Omit all pictures, then retype exactly the lines from the one that contains "80 Garden Cir, Caribou, ME" through the end of the listing.

++++ Collected material

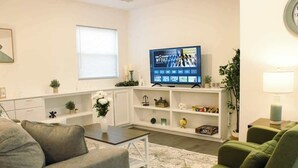 Ett vardagsrum med en tv, en soffa, ett soffbord och en bokhylla.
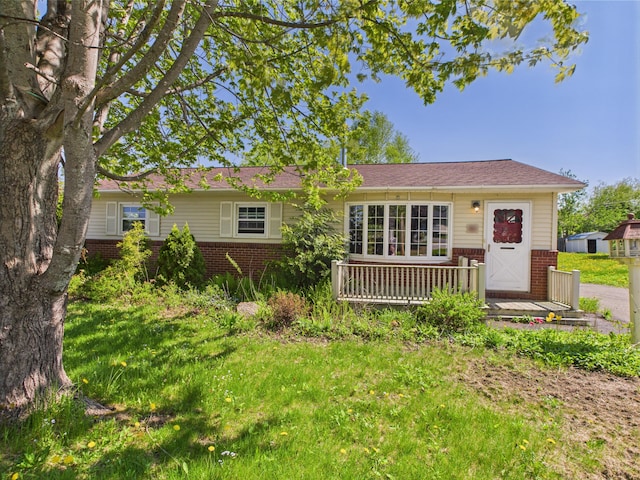 80 Garden Cir, Caribou, ME 04736 - view of front facade with brick siding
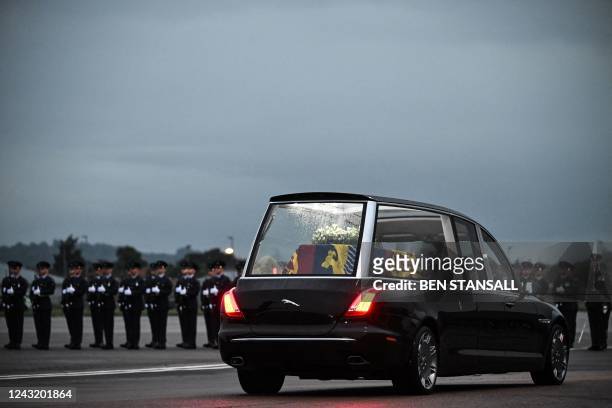 The Royal Hearse departs, carrying the coffin of Queen Elizabeth II away from the Royal Air Force Northolt airbase on September 13 to Buckingham...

++++++++

▶ _The answer_:
 80 Garden Cir, Caribou, ME 04736 - view of front facade with brick siding
 The Royal Hearse departs, carrying the coffin of Queen Elizabeth II away from the Royal Air Force Northolt airbase on September 13 to Buckingham...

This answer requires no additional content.